Are women changing photography? - Tbilisi Photo Festival 2015 supported by UN Women

Date:

Round table discussion with women photojournalists
Photo: Tbilisi Photo Festival 2015
'Are women changing photography?' - the title of an exhibition showcasing six famous female photojournalists and subsequent roundtable discussion, organized as part of the Tbilisi Photo Festival 2015 and supported by UN Women.   

The gender balance in photojournalism has changed radically in recent years. Female photojournalists in the South Caucasus are the ones who have raised their voices to protect the rights of the most vulnerable groups in society. Through their work they have 'spoken out' about numerous social problems in the region. But what are the defining characteristics that a woman brings to this profession? This was the topic for the above roundtable discussion.

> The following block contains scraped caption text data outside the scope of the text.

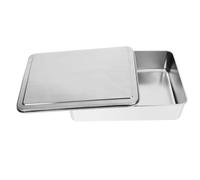 KICHOUSE Plat pour Four en Acier Inoxydable avec Couvercle, Grand Bac de Cuisson Rectangulaire pour Pâtisserie DIY Cuisine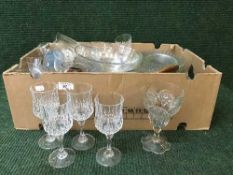 Two boxes of glass, oriental dishes, crucifix etc.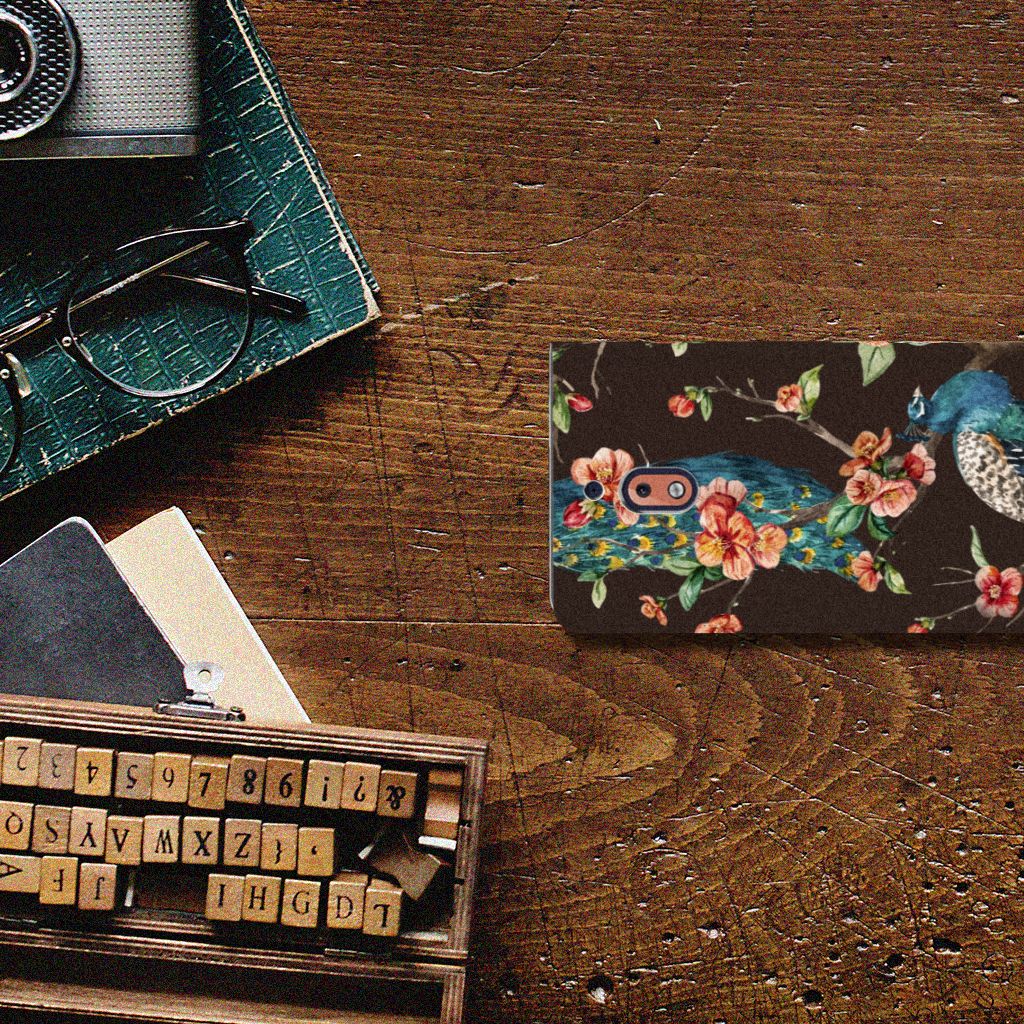 Nokia 2.1 2018 Hoesje maken Pauw met Bloemen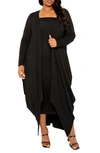 Buxom Couture Cascade Bubble Hem Cardigan In Black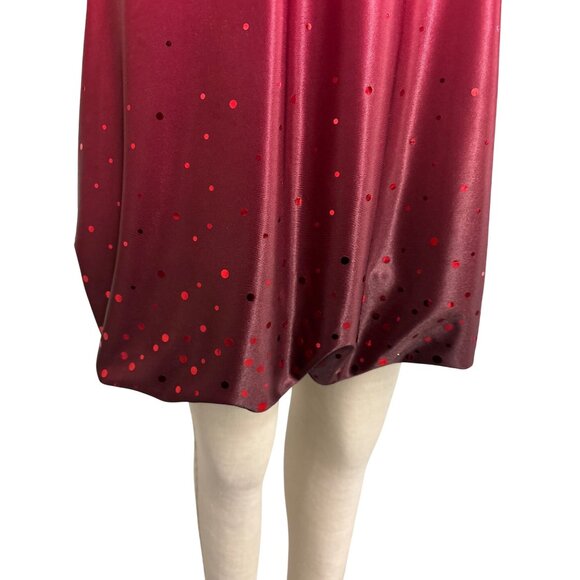 Vintage Y2K Jump Apparel Red Satin Spaghetti Strap Dress Ruched Bodice Sparkle - Picture 9 of 12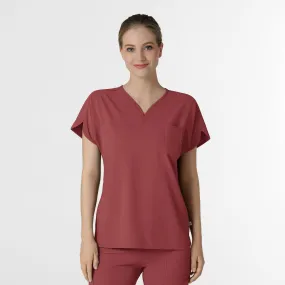 Cozy Sweatshirt Stylish Look RENEW Women's Dolman Scrub Top - Ruby
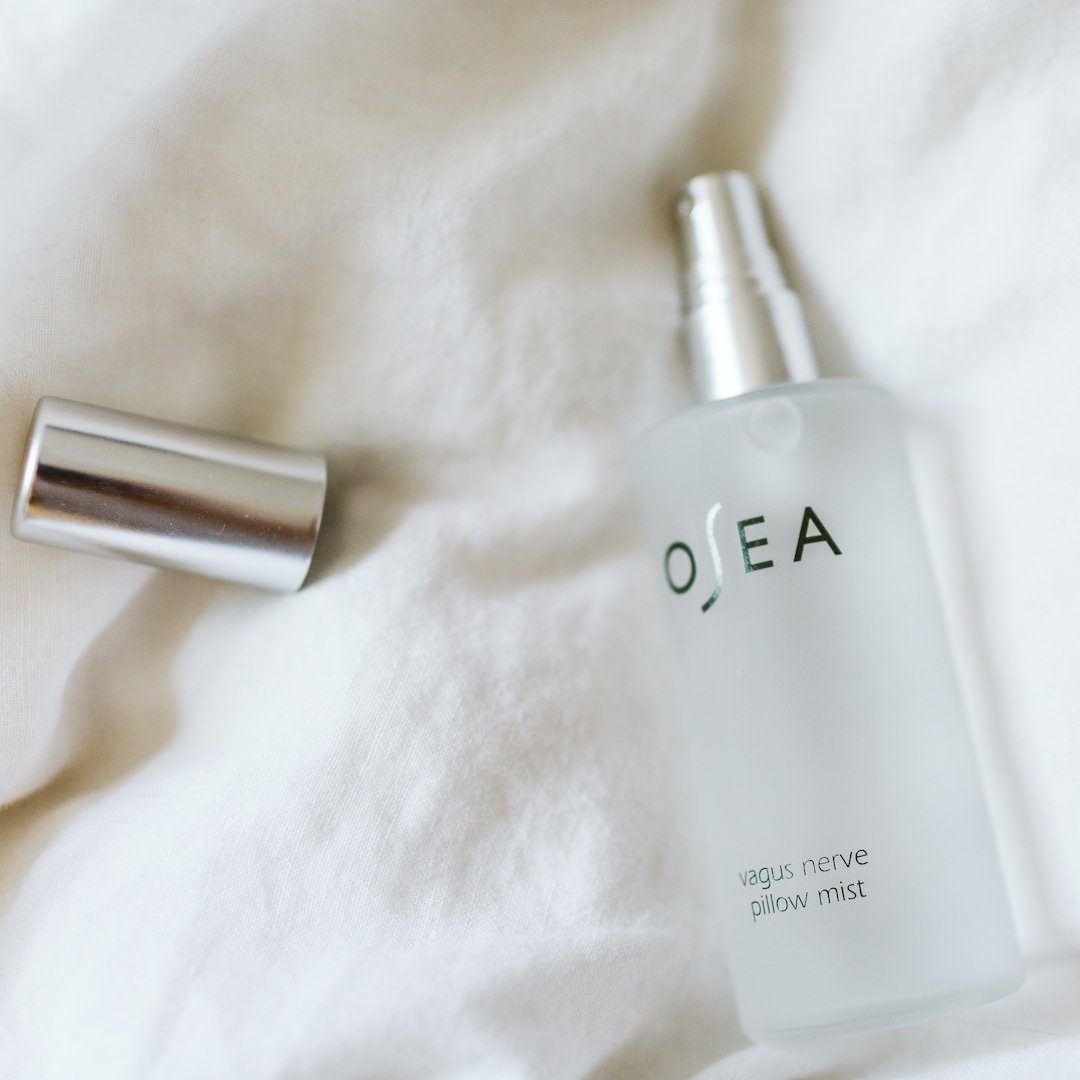 OSEA Vagus Nerve Pillow Mist on white bedding for relaxing nighttime routine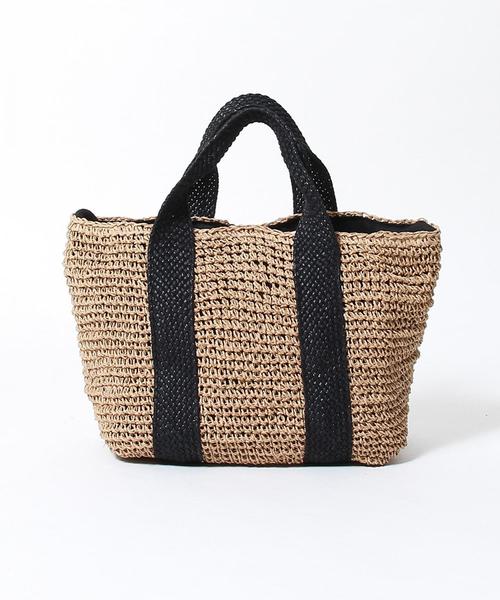 coen（コーエン）の「2WAY ペーパートートバッグＬ（かごバッグ・レディース・ダークブラウン/ベージュ・FREE）」の3枚目の写真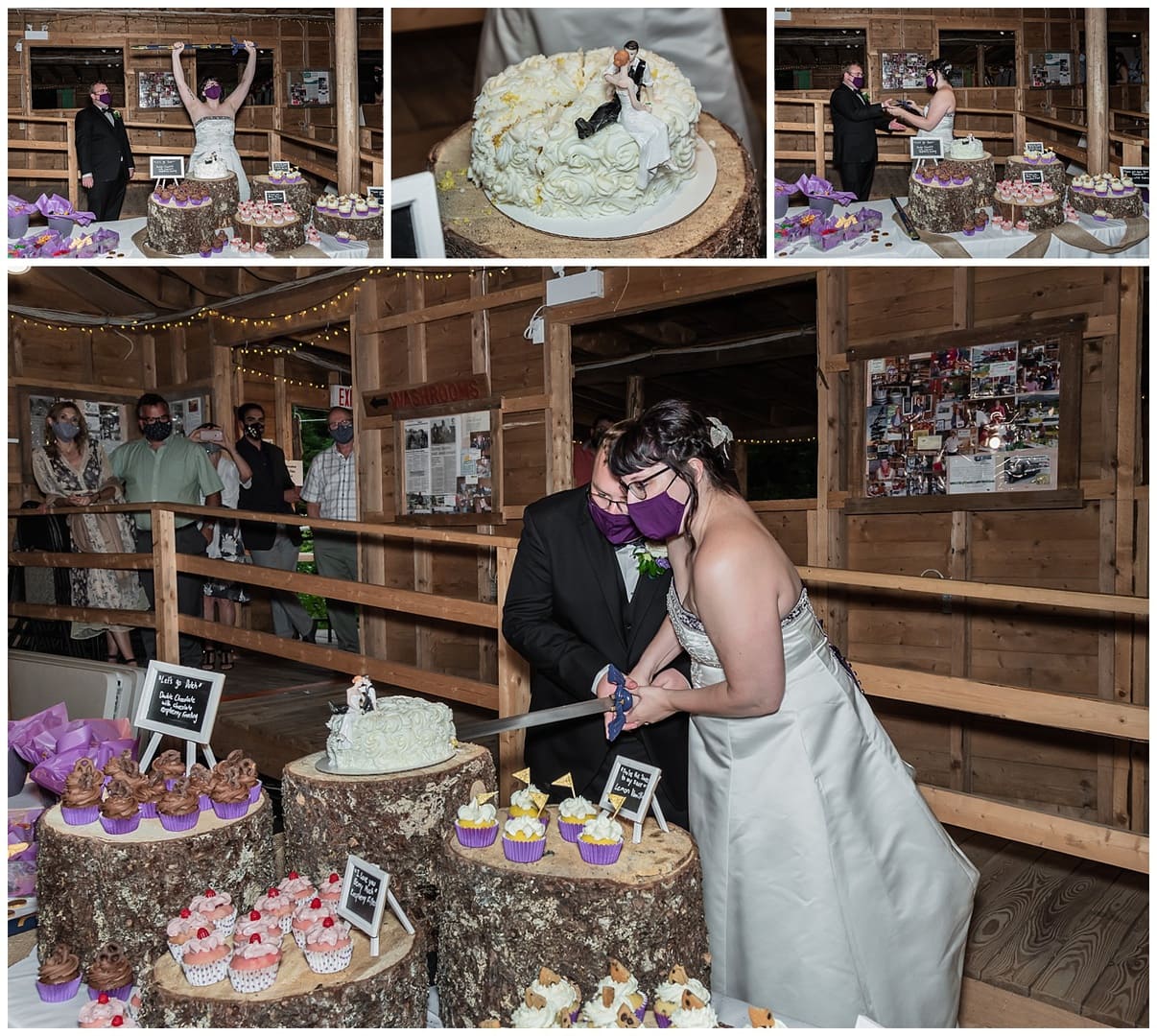 The bride and groom cut their cake with a huge sword during their wedding reception at the Hubbard's Barn in NS.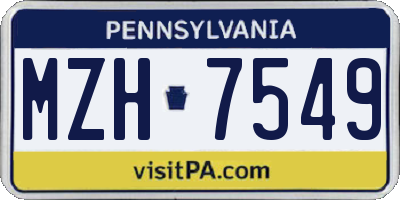 PA license plate MZH7549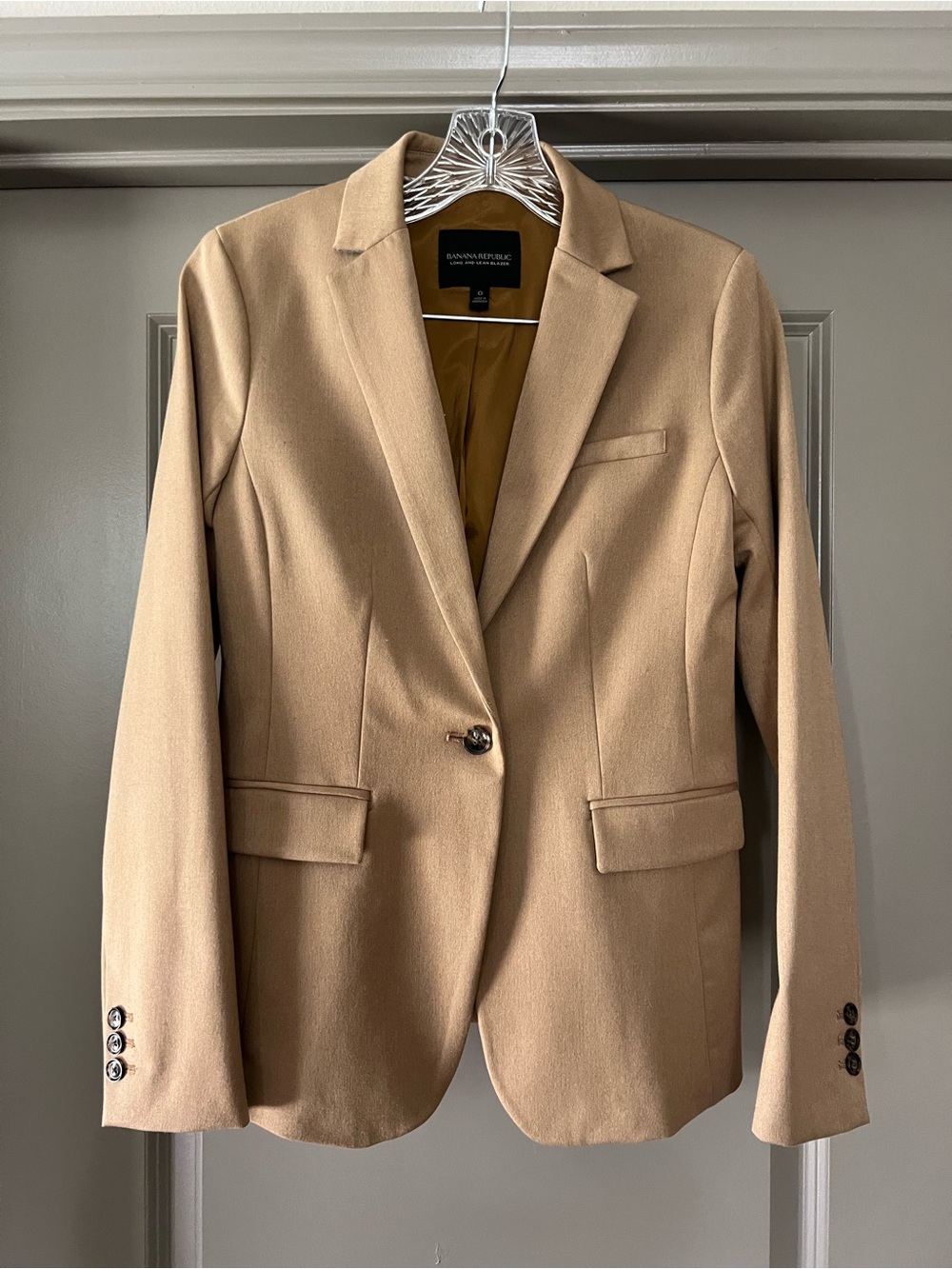 Banana Republic Long and Lean Blazer Tan Camel Size 0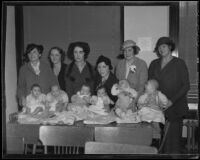 Babies receive health screening for movie auditions, Los Angeles, 1935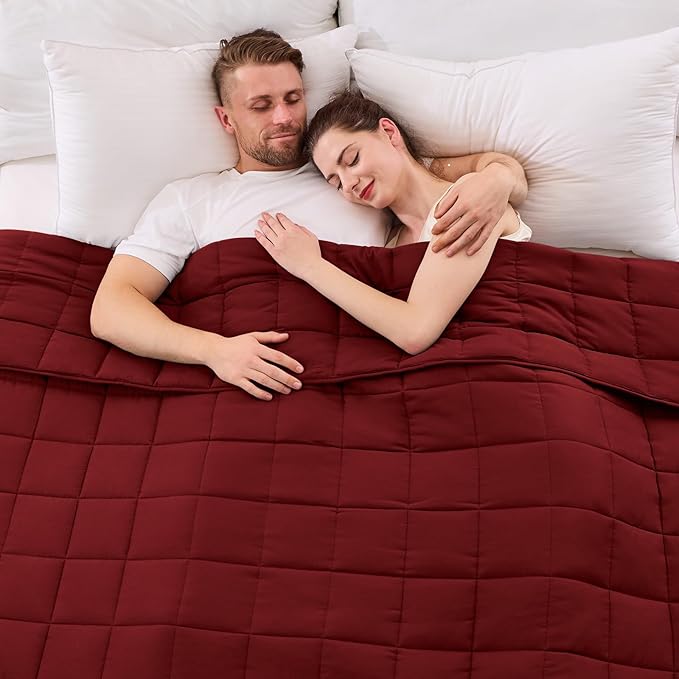 yescool Weighted Blanket for Adults (30 lbs, 88” x 104”, Red) Cooling Heavy Blanket for Sleeping Perfect for 290-310 lbs, King Size Breathable Blanket with Premium Glass Bead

The event hosted female photojournalists from Armenia, Azerbaijan and Georgia: Newsha Tavakolian (Magnum Photos), Justyna Mielnikiewicz (Getty Reportage), Rena Effendi, Anka Gujabidze, Nazik Armenakyan (4 Plus), Anahit Hayrapetyan (4 Plus) and the event was moderated by Natalia Antelava (co-founder of CodaStory).

The artists shared their experiences, recalling how they 'infiltrated' an area of art that had traditionally been male-dominated and elaborating on their personal journeys towards public recognition; working frequently on controversial themes and challenging gender stereotypes.

Mother of three, Armenian photographer Anahit Hayrapetyan, wrote in her book Princess to Slave:

'I heard a number of stories about family restrictions and violence against women when I was  a child. There was a girl in the neighborhood whose father had killed her mother, but we did not ask a question about it. As I grew, the number of stories of control and violence grew as well…I gathered the courage and started to work on Princess to Slave….I hope that the stories will bring some change to our society”. Photos from her book were displayed at the Festival.

UN Women's support for the event is part of a long-term campaign to promote zero-tolerance of violence against women and girls and domestic violence.